UNA LEGGE PER SCONFIGGERE IL PROTEZIONISMO DEI LUDDISTI DEL 2002

Firenze, 19 Gennaio 2002. Il cosiddetto mondo del latte (Unalatte, Frescolatte, produttori e allevatori vari in cooperativa o meno) e' in fermento, perche' non riesce a digerire la sentenza del Consiglio di Stato che ha dato loro torto rispetto al divieto di commercializzazione di latte fresco prodotto al di fuori dell'Italia (perche' la direttiva europea in materia non e' stata ancora recepita), che riesce ad esser tale per dieci giorni, rispetto ai cinque stabiliti dall'attuale legge nazionale.
Per avvalorare queste loro preoccupazioni -dice il presidente dell'Aduc, Vincenzo Donvito- abbiamo anche letto che questa sarebbe una grande operazione dei giganti del settore per schiacciare le piccole e medie aziende, nonche' gli allevatori, e ovviamente a danno dei consumatori.

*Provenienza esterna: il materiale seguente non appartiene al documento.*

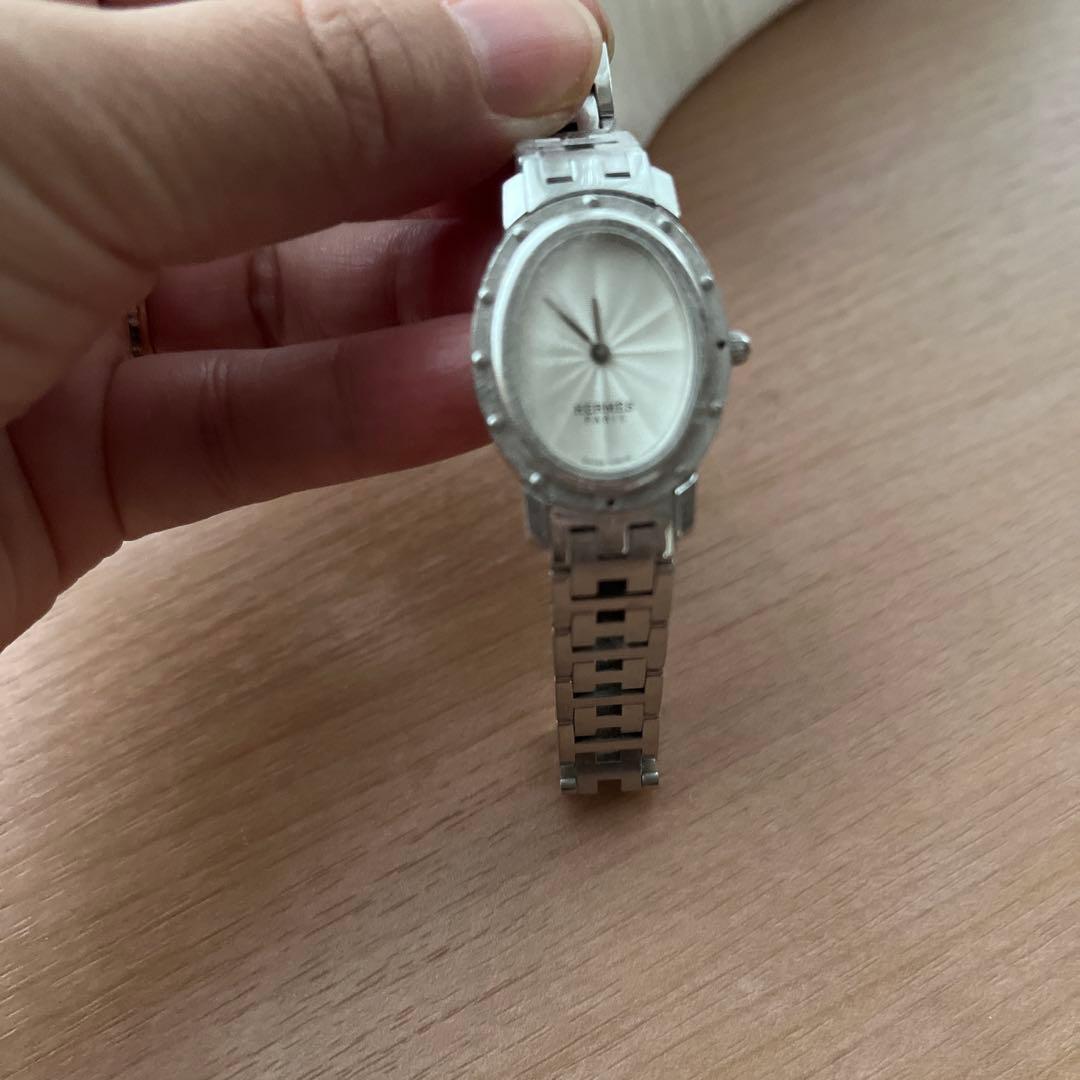 レア　HERMES エルメス　腕時計　クリッパー　オーバル　ホワイト　ステンレス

E' la storia che si rinnova. Qualcuno ricorda i luddisti della meta' del 1800, quando, con l'avvento delle macchine nell'industria, in difesa della loro occupazione non trovavano di meglio che distruggere quelle stesse macchine che in parte sostituivano gli esseri umani, sostenendo che la qualita' di quel lavoro ne avrebbe risentito per i destinatari dei loro prodotti (non si chiamavano ancora, all'epoca, consumatori …). La storia, per fortuna di tutti, gli ha dato torto, e la nostra vita e' migliorata proprio grazie al contrario di cio' che i luddisti auspicavano in difesa di qualita' e lavoro.
Se portiamo nel 2002 questo fatto storico, lo ritroviamo molto praticato, con anche un nome da economia politica: protezionismo. Al posto della distruzione delle macchine, venendo nello specifico al nostro "mondo del latte", si usa la carta bollata con cui rivolgersi a Tar e Consigli di Stato, sempre con lo scopo di impedire l'affermarsi di chi cerca di innovare, raccontando la storiella che solo loro difendono l'occupazione e il consumo.

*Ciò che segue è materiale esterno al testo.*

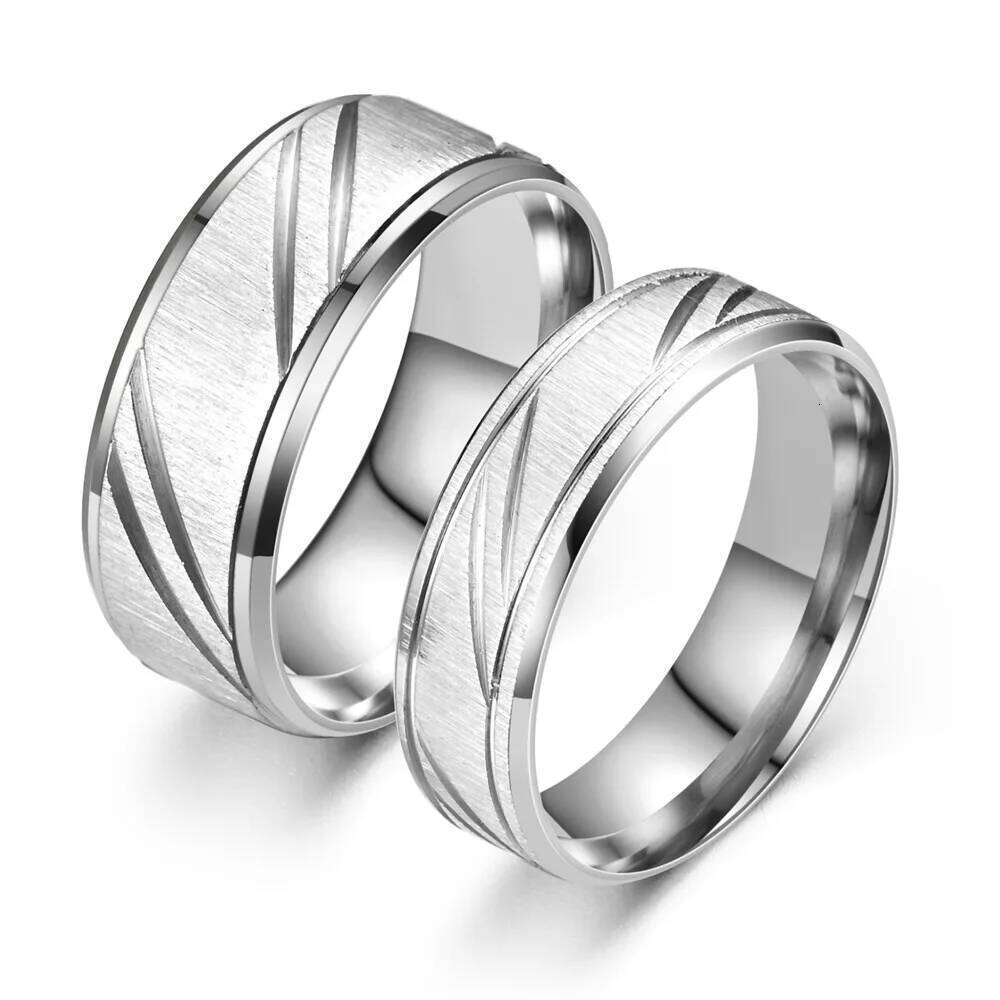 2024 New Hot Selling Stainless Steel Slash Couple Rings For Women Men Jewelry Accessories Wholesale Size 7-12 H260312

E' quello che fanno anche i sindacati con i cosiddetti esuberi delle Fs, mantenendoli tali in forma occupata, e dando di fatto il loro contributo alla mancanza di espansione tecnologica dell'azienda, che poi si riflette su chi usa un sistema di trasporti che definire obsoleto e' solo per essere gentili.

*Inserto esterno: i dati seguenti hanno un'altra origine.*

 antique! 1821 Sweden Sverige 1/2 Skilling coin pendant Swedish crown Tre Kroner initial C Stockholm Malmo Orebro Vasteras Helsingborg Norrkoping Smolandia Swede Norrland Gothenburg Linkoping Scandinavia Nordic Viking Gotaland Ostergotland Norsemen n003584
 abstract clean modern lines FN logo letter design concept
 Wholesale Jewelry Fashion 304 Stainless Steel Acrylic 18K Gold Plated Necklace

Tornando al nostro latte, saremmo curiosi di sentire perche' il latte fresco che dura 10 giorni sarebbe un danno per i consumatori, perche', a nostro avviso, invece, ci sembra un vantaggio rispetto al tempo e agli spostamenti che si usano per l'acquisto, oltreche' un maggiore stimolo al consumo (perche' "non va a male subito") per i "bassi consumatori" di questo prodotto, che non sono pochi; e su cui i consumatori sarebbero pure disposti a spendere quel giusto in piu' che merita. Ci rendiamo conto che i difensori dei "cinque giorni" non ragionano in termini di consumi e mercato, e di relative dinamiche che se ben innescate farebbero la fortuna delle aziende capaci e la soddisfazione dei consumatori. Per loro e' importante solo difendere la nicchia (con un occhiolino anche al "latte di Stato"), senza spendere soldi in ricerca e tecnologia per offrire prodotti piu' appetibili ai tempi e ai ritmi del mondo in cui viviamo, e con il costante ricatto della difesa dei livelli occupazionali: una concezione in cui e' il consumatore che deve correre dietro le loro offerte e non viceversa.
A questo punto e' urgente che intervenga il legislatore, perche' non possiamo continuare ad andare avanti solo con la giurisprudenza. Occorre legiferare perche' chiunque in Italia possa produrre latte fresco che dura dieci giorni. Grazie a questa legge non saremmo piu' costretti a sentire, e a pagare, la litania dei luddisti del 2002. Che, ce lo auguriamo, comincerebbero non solo ad accumulare guadagni con capitali che poi immobilizzano, ma li investirebbero per essere sul mercato e offrire, in concorrenza, cio' che ai consumatori e' piu' gradito. E a guadagnare anche di piu'.